Claudia Tacoronte Aguilera, una estudiante de 21 años de Santa Brígida (Gran Canaria), había llegado a México a mediados de agosto para realizar un intercambio académico en la Universidad Autónoma del Estado de Morelos. Cursaba cuarto de Educación Infantil en la Universidad de Granada y residía en Cuernavaca.
El sábado 12 de septiembre se desplazó hasta Cuautla, a unos 50 kilómetros de Cuernavaca, para asistir a la Feria Nacional de la Planta Medicinal. Allí fue asesinada, según las autoridades mexicanas, por Francisco Javier N., conocido como El Trompas, quien ha confesado la autoría del crimen.
El presunto autor, según los registros oficiales citados en la investigación, es un delincuente reincidente con antecedentes por robos y robos con fuerza en viviendas. También habría sido detenido e ingresado previamente en prisión por estos delitos y, según testimonios recogidos en la localidad, tenía problemas de adicción a sustancias estupefacientes como el cristal.
La investigación apunta a que el sospechoso acostumbraba a asaltar a transeúntes y robar bolsos, principalmente a mujeres jóvenes. El mismo día del asesinato habría robado unas zapatillas deportivas en un comercio cercano, donde las cámaras captaron su rostro y una vestimenta que posteriormente coincidía con la observada cerca del lugar del ataque.

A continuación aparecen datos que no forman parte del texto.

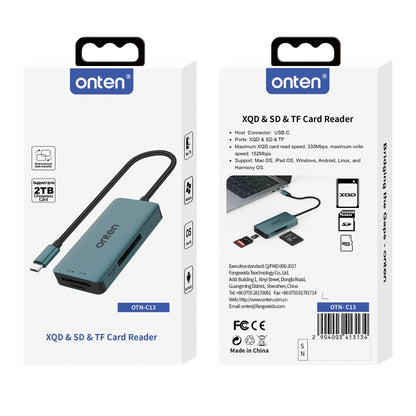 Onten C13 3 in 1 USB-C / Type-C to XQD & SD & TF Card Reader(Pine Green) - Card Reader by Onten | Online Shopping South Africa | PMC Jewellery | Buy Now Pay Later Mobicred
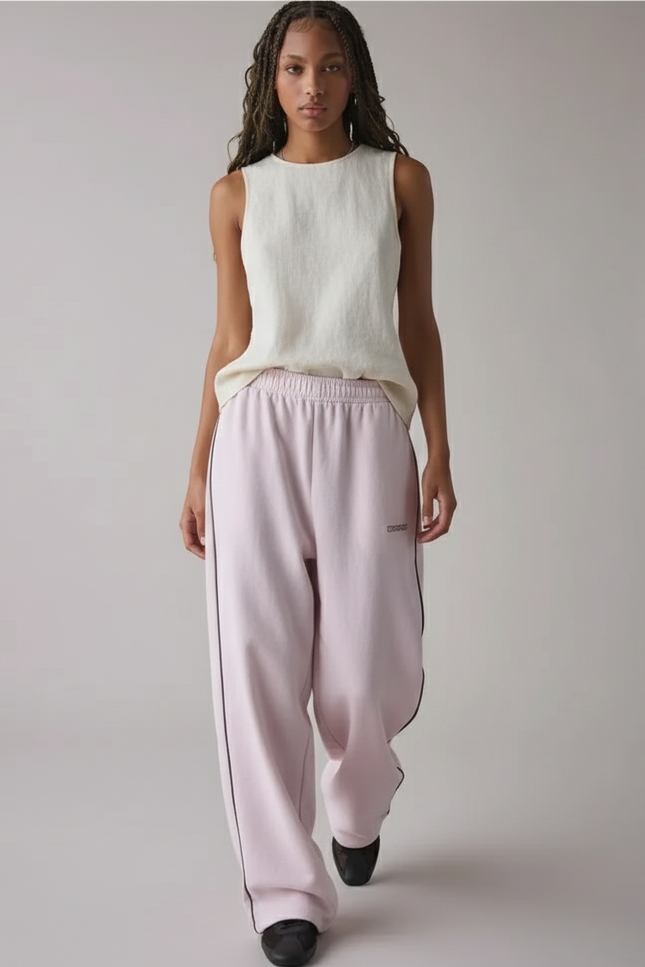 Pantalon Baggy Rose Ample Décontracté Sport Femme - Molleton
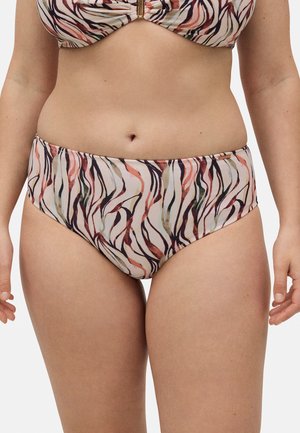 Parte inferior de bikini de tiro alto con un patrón de olas multicolor. Está hecha de un tejido suave con una textura delicada, que presenta sutiles detalles de costura lateral.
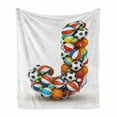 thumbnail image 1 of Letter J Soft Flannel Fleece Throw Blanket, Letter J Capitalized Sportings Basketball Football Pigskin Fun Games Design, Cozy Plush for Indoor and Outdoor Use, 60" x 80", Multicolor, by Ambesonne, 1 of 6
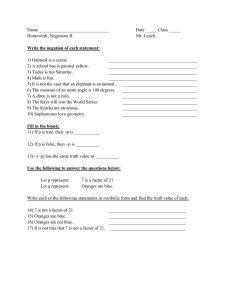 Name _______________________________  Date _____ Class _____ Homework: Negations II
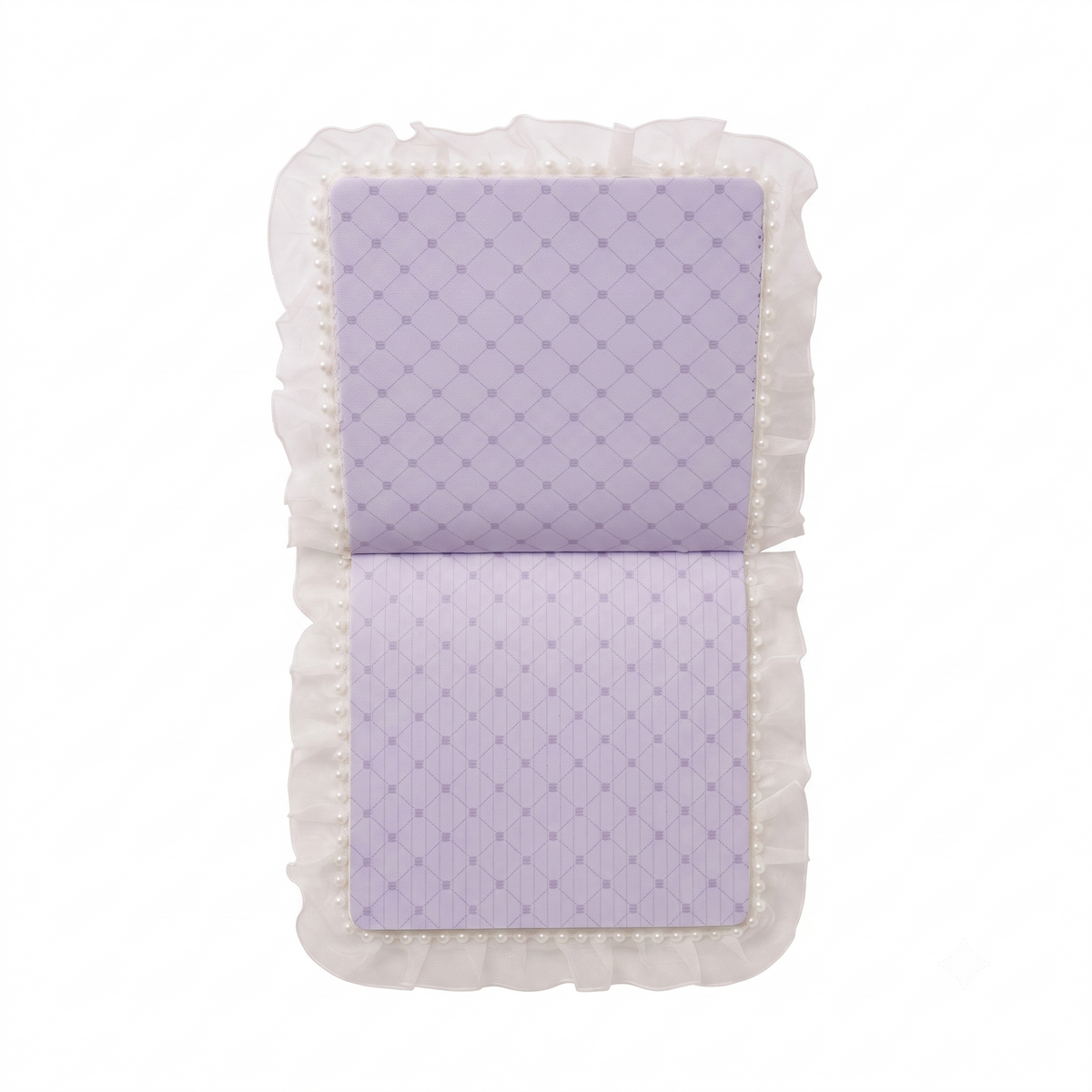 Sanrio Licensed Kuromi Square Planner Notebook - Purple PU Leather with Pearl Lace, 148x148mm.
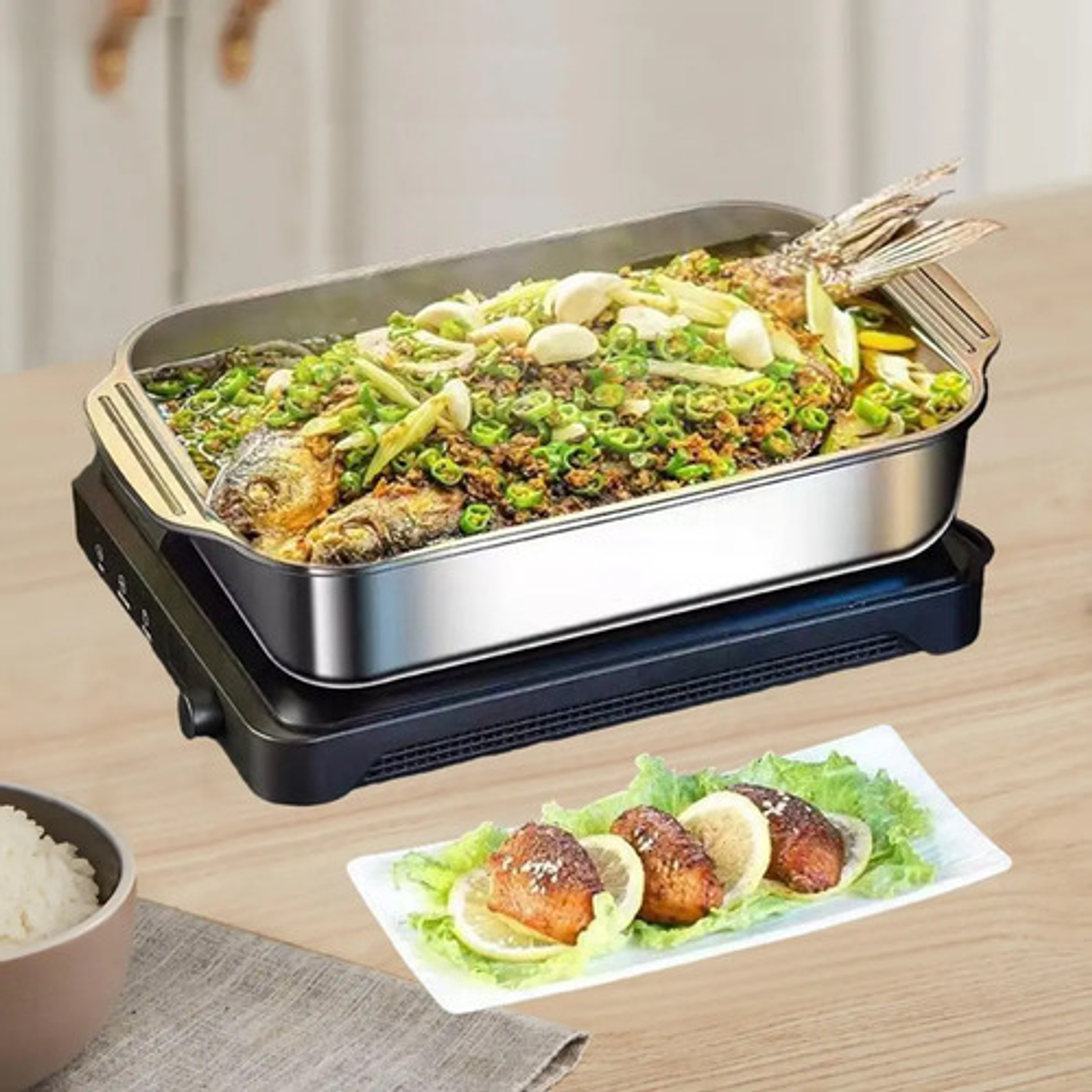 X3 Bandeja Acero Inoxidable Para Asadera 41x24x8 9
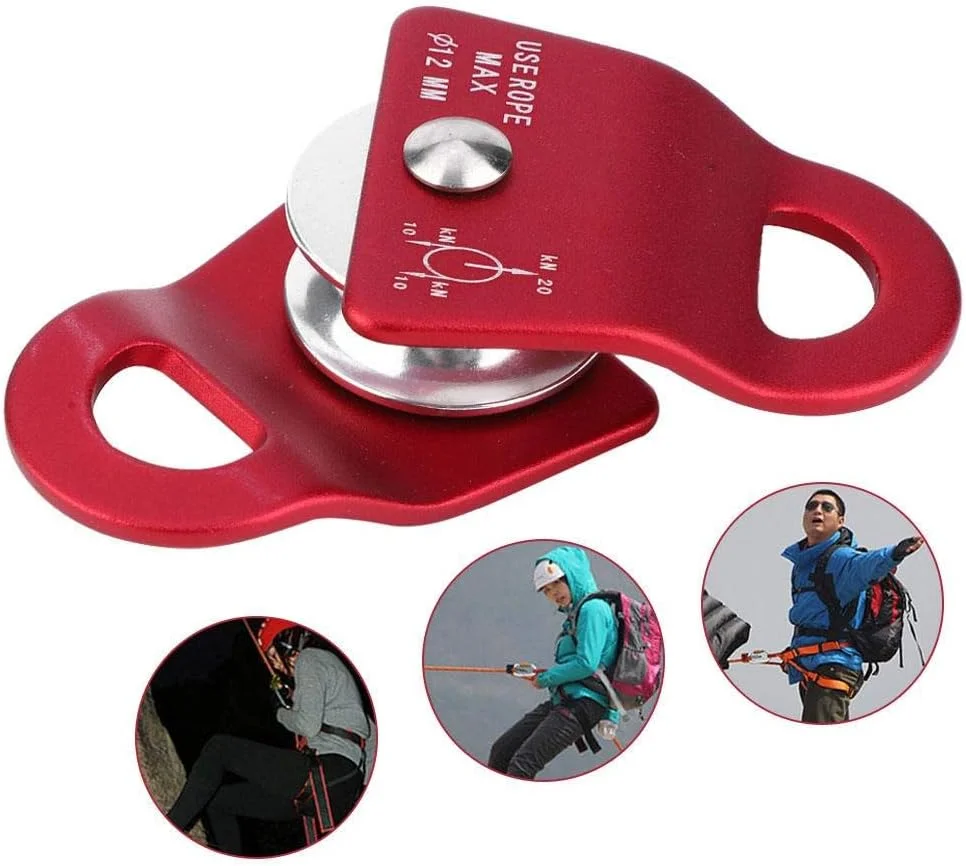 قرقره فرود Runaty، قرقره فلزی، قرقره تاب جانبی با استحکام بالا، حرفه ای برای کوهنوردی و کاوش در فضای باز (قرمز)
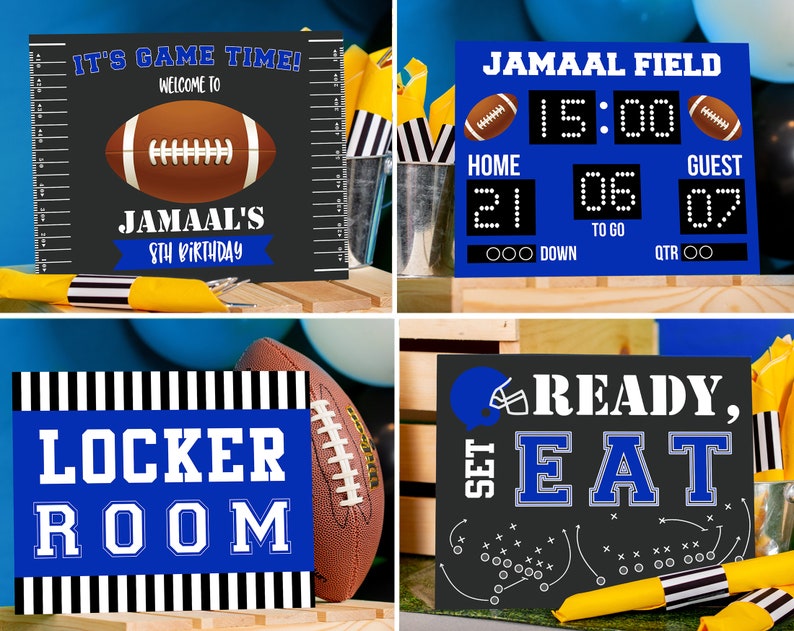 Puede incluir: Cuatro carteles imprimibles para una fiesta de cumplea&ntilde;os con tem&aacute;tica de f&uacute;tbol. Los carteles son negros con acentos blancos y azules. Los carteles dicen "&iexcl;Es hora de jugar! Bienvenido al 5&ordm; cumplea&ntilde;os de Jamaal", "Campo de Jamaal", "Vestuario" y "Listos, preparados, &iexcl;a comer!".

La gobernadora de Morelos ha señalado que el detenido actuaba de forma aislada y no pertenecía a ninguna organización criminal. El caso ha sido trasladado a las autoridades judiciales mexicanas, mientras el Gobierno español mantiene contacto con las autoridades del país para seguir la investigación.
Las autoridades mexicanas pedirán la pena máxima: 70 años de cárcel por feminicidio. La principal hipótesis que manejan los investigadores es que todo se produjo tras un forcejeo y después de que El Trompas le robase el móvil a Claudia.
A las puertas de la Casa de la Cultura de Cuautla, la joven pidió entonces auxilio, siendo en ese momento cuando él le asestó varias puñaladas en el vientre. Para cuando los servicios de emergencia llegaron, ya había muerto.